Finding $\sin\left(\cot^{-1}\frac{x}{2}\right)$, trouble understanding the solution Finding $\sin\left(\cot^{-1}\frac{x}{2}\right)$


I do not understand why they are considering only positive values. What has it to do with the range of $\cot^{-1}$ ? Could somebody dumb it down for me please Thanks!
 A: The range for the inverse cotangent is commonly taken to be $(0,\pi)$, where the sine is positive.
In general, we have
$$
\sin^2t=\frac{\sin^2t}{\sin^2t+\cos^2t}=\frac{1}{1+\cot^2t}
$$
dividing numerator and denominator by $\sin^2t$.
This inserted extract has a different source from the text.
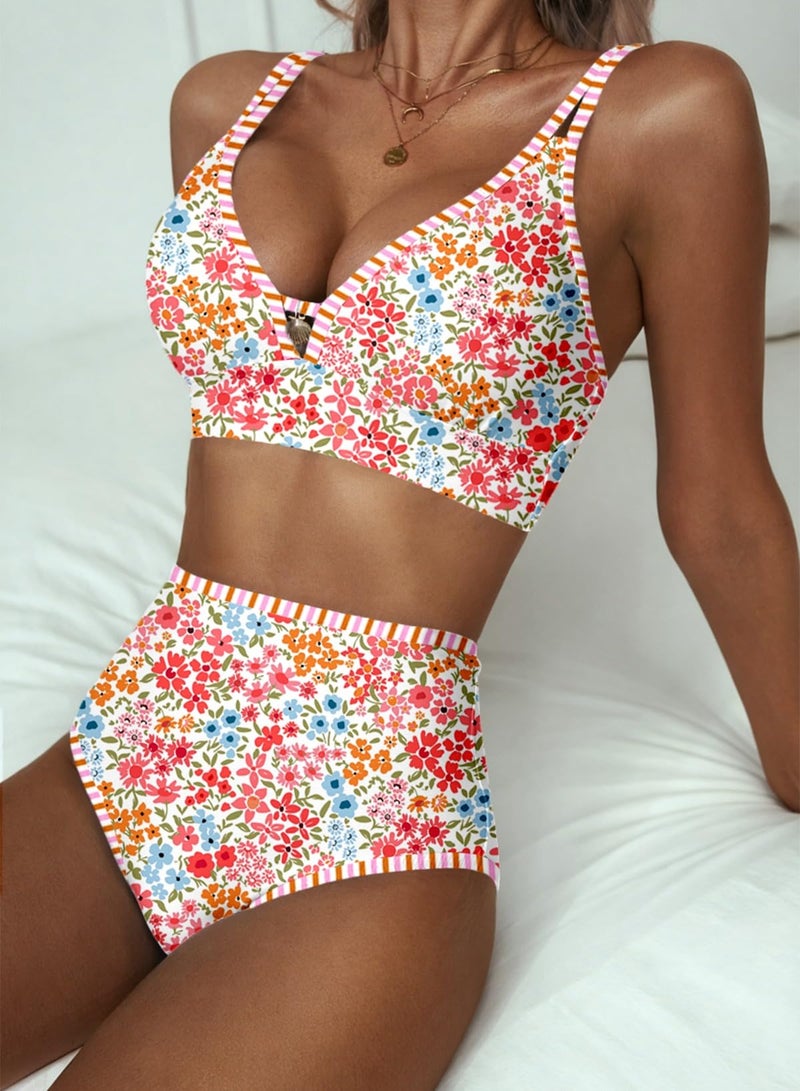 Herseas Women's 2 Piece High Waisted Bikini Sets V Neck Striped Stitch Removable Pad Swimsuits Ditsy Floral Print Flattering Bathing Suit Beach Summer Outfits 2026 Multicolor Floral X-Large - Image 5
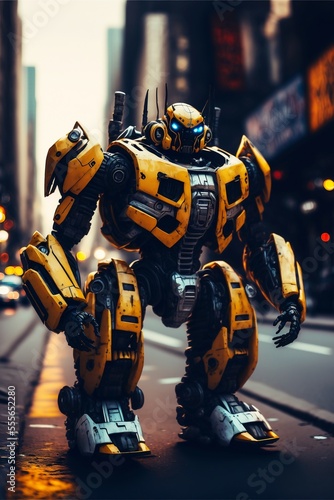 A yellow robot on city street digital art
If $t=\cot^{-1}(x/2)$, you can then use
$$
\sin t=\frac{1}{\sqrt{1+\cot^2t}}
$$
Therefore
$$
\sin\cot^{-1}(x/2)=\frac{1}{\sqrt{1+\cot^2t}}=
\frac{1}{\sqrt{1+(x/2)^2}}
$$

If the range of the inverse cotangent is taken to be $(-\pi/2,0)\cup(0,\pi/2]$ the statement is surely wrong, because
$$
\frac{2}{\sqrt{4+x^2}}>0
$$
but $\sin\cot^{-1}(x/2)$ would be negative for $x<0$.
I've never seen that set being considered as the range of the inverse cotangent. The correct result in that case would be
$$
\sin\cot^{-1}\frac{x}{2}=
\begin{cases}
\dfrac{2}{\sqrt{4+x^2}} & \text{if $x\ge0$}\\[6px]
-\dfrac{2}{\sqrt{4+x^2}} & \text{if $x<0$}
\end{cases}
$$
But I can't think of a good reason for the inverse cotangent being 
defined that way, making it a non continuous function at $0$.